BEGIN Supplied records

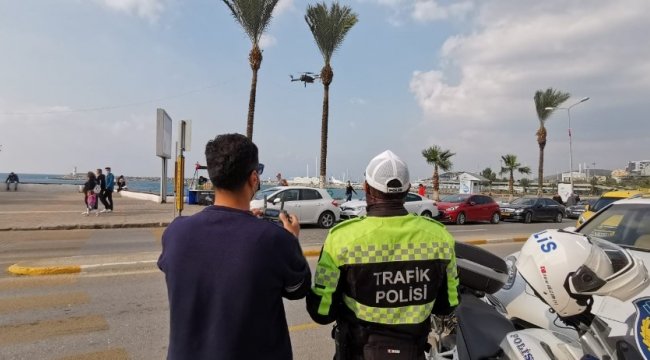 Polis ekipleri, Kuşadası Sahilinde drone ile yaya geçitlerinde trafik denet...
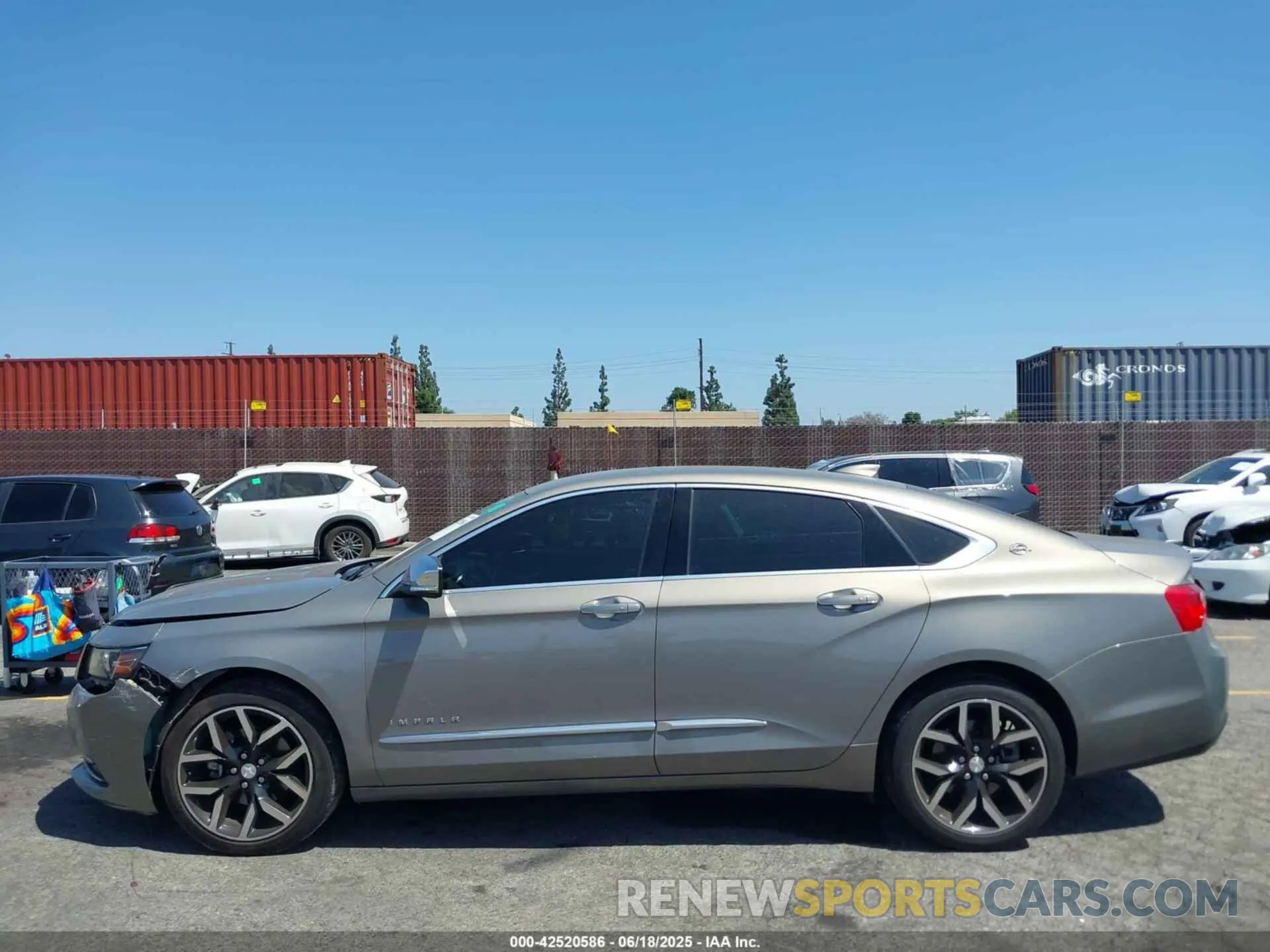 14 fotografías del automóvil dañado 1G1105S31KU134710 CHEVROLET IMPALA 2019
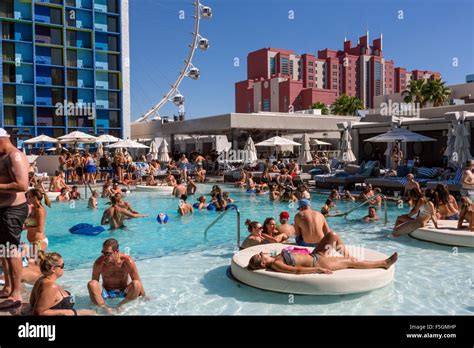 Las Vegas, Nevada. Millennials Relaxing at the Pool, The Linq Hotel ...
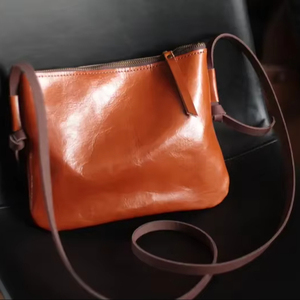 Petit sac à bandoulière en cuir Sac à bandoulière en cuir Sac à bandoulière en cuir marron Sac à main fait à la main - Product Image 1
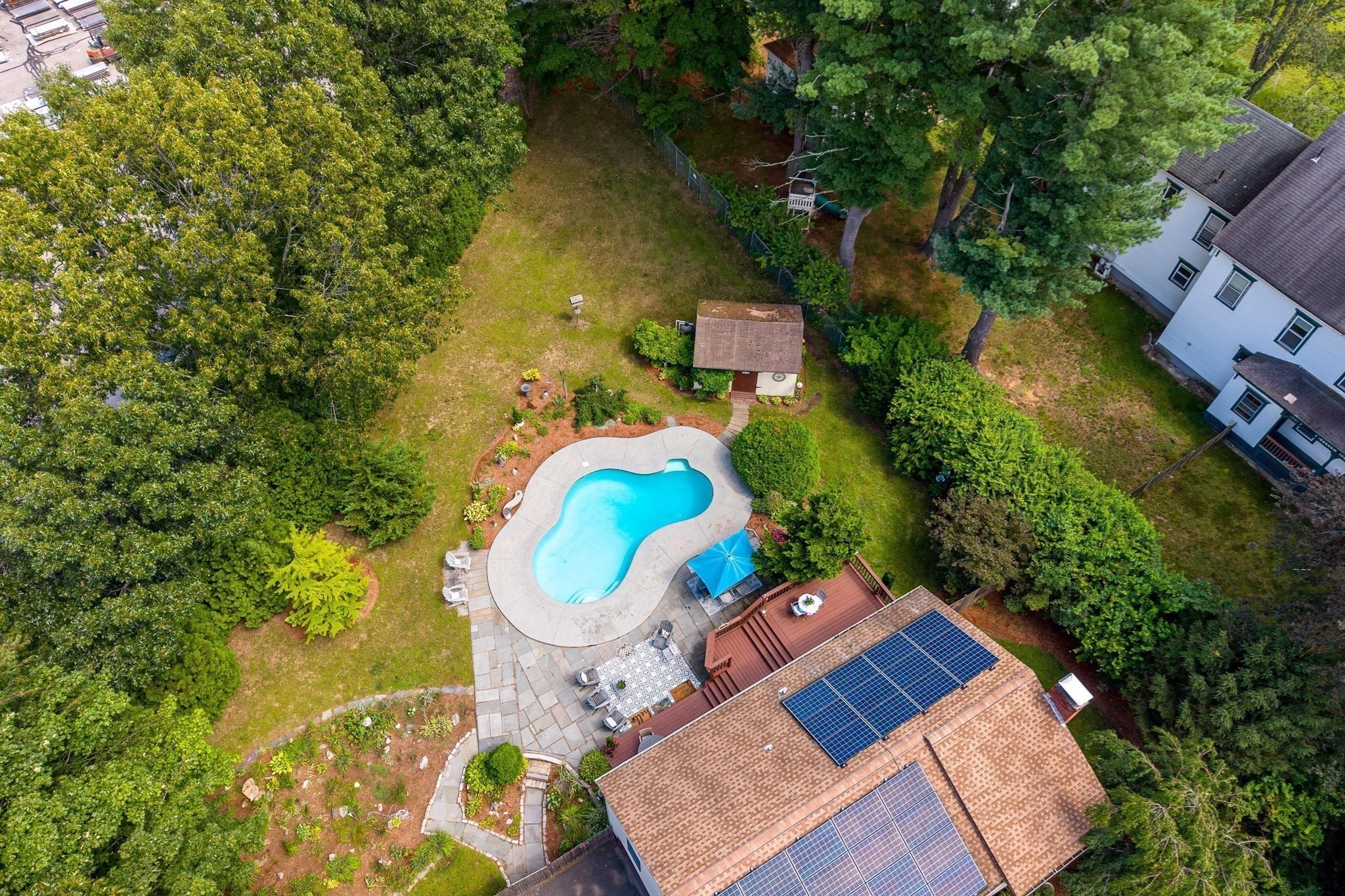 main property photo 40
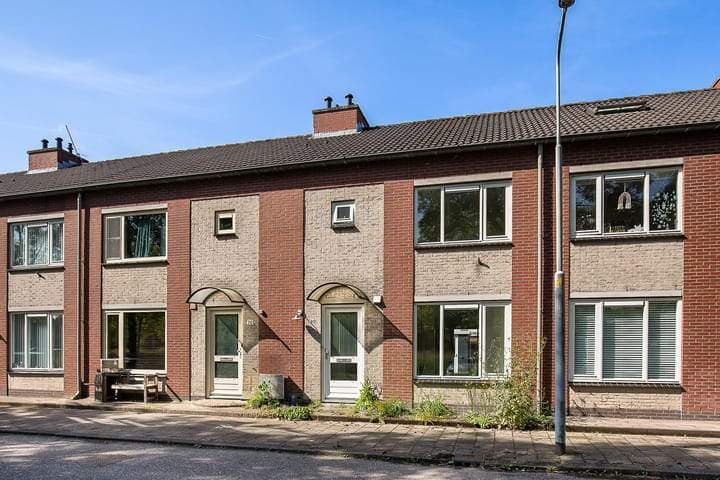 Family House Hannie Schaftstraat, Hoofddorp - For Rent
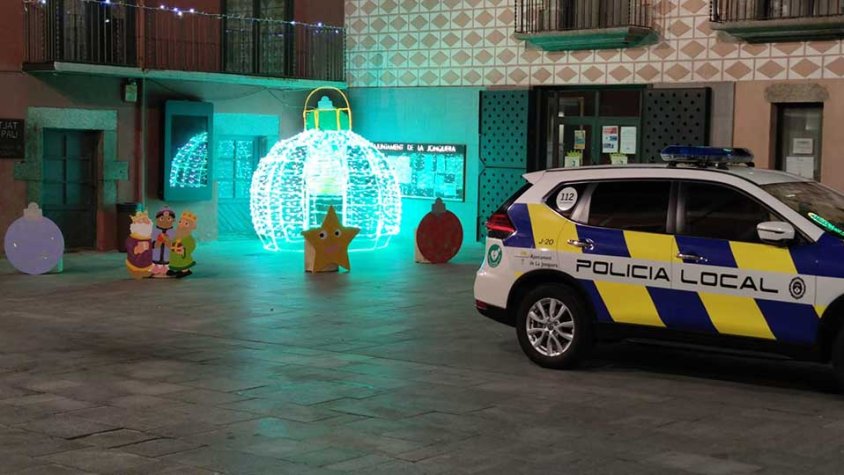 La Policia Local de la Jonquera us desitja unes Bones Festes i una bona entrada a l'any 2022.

END Supplied records

What is needed here is each line above set down word for word, minus the images.

 Polis ekipleri, Kuşadası Sahilinde drone ile yaya geçitlerinde trafik denet...
 14 fotografías del automóvil dañado 1G1105S31KU134710 CHEVROLET IMPALA 2019
 Las Vegas, Nevada. Millennials Relaxing at the Pool, The Linq Hotel ...
 Petit sac à bandoulière en cuir Sac à bandoulière en cuir Sac à bandoulière en cuir marron Sac à main fait à la main - Product Image 1
 main property photo 40
 Family House Hannie Schaftstraat, Hoofddorp - For Rent
 La Policia Local de la Jonquera us desitja unes Bones Festes i una bona entrada a l'any 2022.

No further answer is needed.